[Update note, 2007-08-16: The idea of an International Rescue Command, or "Mercy Force", is ever more worth considering. This article appeared 15 years ago*; in recent times we've had the Asian Tsunami, Pakistan earthquake, Katrina, and currently Darfur, floods in North Korea, India, Bangladesh,--the list goes on--all of whose rescue actions have been likewise admirable, but ad hoc and insufficient.]
Why should international rescue action be merely a goodwill by-product of military capability?
We need a military alliance against mass disaster. It would field a world-scale Rescue Command, in constant readiness for world-class catastrophes: famines, floods, and earthquakes; artificial, natural, and nuclear calamities. Call it a Mercy Force.
There have been many improvisations. The 1970 Peru earthquake belatedly saw military relief contingents from Canada, Cuba, Sweden, the USA and the USSR, among others. A multinational medley of military and civilian elements helped in Armenia after the 1988 quake. The 1985 Ethiopia famine called forth much Live Aid and military logistics.
But horrendous famine again stalks Africa. Is there now anything which remotely equals the Berlin Airlift?
Berlin aside, the inadequacy of international rescue efforts, however, praiseworthy, is common knowledge. Countless donors and relief workers have done their best: AmeriCares, Medecins Sans Frontieres, the Red Cross, UNICEF, Mercy Corps, World Food Program, to name a few. Yet help is always tardy, ad hoc and insufficient compared to the need. And compared to military resources.
Consider the 1970 megadeath cyclone in Bangladesh.

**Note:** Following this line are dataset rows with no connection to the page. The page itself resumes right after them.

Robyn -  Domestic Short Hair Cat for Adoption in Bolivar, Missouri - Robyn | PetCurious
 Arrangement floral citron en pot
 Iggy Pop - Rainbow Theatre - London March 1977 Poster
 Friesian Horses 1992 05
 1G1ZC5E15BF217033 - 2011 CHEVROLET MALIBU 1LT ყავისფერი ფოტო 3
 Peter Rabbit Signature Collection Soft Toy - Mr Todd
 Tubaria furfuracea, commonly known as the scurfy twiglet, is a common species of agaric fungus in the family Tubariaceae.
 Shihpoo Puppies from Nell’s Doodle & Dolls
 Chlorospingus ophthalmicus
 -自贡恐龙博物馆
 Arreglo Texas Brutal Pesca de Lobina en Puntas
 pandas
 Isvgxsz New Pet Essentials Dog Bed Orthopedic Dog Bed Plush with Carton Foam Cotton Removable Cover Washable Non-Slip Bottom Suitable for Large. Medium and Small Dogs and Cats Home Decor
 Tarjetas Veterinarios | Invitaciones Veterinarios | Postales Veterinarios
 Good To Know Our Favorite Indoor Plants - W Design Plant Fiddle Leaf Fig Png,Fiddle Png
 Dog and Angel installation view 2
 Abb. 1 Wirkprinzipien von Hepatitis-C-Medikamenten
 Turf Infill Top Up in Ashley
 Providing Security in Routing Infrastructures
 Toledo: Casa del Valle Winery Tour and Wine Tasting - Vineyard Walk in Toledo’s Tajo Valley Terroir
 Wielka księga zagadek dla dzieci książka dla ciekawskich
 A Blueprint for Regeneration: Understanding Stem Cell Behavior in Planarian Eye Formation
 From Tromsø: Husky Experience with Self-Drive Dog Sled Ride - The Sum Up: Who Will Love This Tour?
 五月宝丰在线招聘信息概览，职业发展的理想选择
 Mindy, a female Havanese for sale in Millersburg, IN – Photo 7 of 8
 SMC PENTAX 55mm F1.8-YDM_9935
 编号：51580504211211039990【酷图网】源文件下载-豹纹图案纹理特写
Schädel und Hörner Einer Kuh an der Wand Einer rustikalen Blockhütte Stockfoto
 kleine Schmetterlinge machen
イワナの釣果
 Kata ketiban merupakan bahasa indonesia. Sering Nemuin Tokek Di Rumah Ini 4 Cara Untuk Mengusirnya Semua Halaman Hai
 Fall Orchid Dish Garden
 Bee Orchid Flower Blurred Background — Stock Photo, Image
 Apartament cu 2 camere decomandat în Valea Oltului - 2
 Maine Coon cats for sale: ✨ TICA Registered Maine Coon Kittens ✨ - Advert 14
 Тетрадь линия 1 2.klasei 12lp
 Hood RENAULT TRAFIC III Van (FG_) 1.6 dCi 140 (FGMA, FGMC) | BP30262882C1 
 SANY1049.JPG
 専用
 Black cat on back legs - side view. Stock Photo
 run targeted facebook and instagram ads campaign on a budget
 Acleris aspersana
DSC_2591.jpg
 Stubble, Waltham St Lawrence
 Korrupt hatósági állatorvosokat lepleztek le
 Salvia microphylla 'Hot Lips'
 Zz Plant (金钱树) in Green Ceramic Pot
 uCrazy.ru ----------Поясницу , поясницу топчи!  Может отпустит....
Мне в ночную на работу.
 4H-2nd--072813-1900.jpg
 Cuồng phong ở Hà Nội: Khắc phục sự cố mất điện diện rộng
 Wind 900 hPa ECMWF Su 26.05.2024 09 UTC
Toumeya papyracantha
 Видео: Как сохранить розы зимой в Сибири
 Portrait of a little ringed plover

Within three weeks, the USA sent six helicopters. Six? Out of 12,000! Having already lost another 6,000 in Vietnam?
In 1991, the U.S. task force Sea Angel brought 28 helicopters, plus amphibians, trucks and water-purification equipment. A big improvement over 1970, but a far cry from what could be done in such cases.
In 1959, Life magazine proposed a U.S. "great white fleet" of six vessels, including a hospital ship and helicopter carrier for world mercy missions, but the idea sank, except for the privately financed S.S. Hope, which served from 1960 till 1974.
In 1969, a two-page ad in Newsweek for the giant C-5A transport plane was headlined, "People Starving. Send Help." Is there a C-5A and AN-22 rescue fleet now ready for Africa?
In 1960, the late Commander Sir Stephen King-Hall urged Britain to promote an International Rescue Organization, with three airborne brigades of 10,000 men and women each, deployed on three continents.
Today, we need more ideas like that, and much bigger ideas. Not six ships, but 60. Not six helicopters, but 600. Not 8,000 homecoming Marines diverted to Bangladesh, but 80,000 regulars in a world Mercy Force for rapid response anywhere, any time.
Its political parent could be the United States and/or Canada. Or the U.N. Security Council. Or a "Humanitarian Alliance" of countries which would rotate air, land, sea, and logistic units for duty periods with the Rescue Command.
Its treaty would set a two month cap on each operation. A panel of Nobel Peace Prize laureates could declare any state of emergency requiring Mercy Force action (with or without approval by local warlords).
The essential principle is that all Rescue Command missions and servicepeople be ostentatiously unarmed. The Mercy Force mystique would be ever to give life, never to take it.
As Col. Harry Summers often reminds us, the purpose of the military is to "kill people and destroy things." Not always. A world Mercy Force would share the motto of the U.S. Air Force Air Rescue Service "That Others May Live".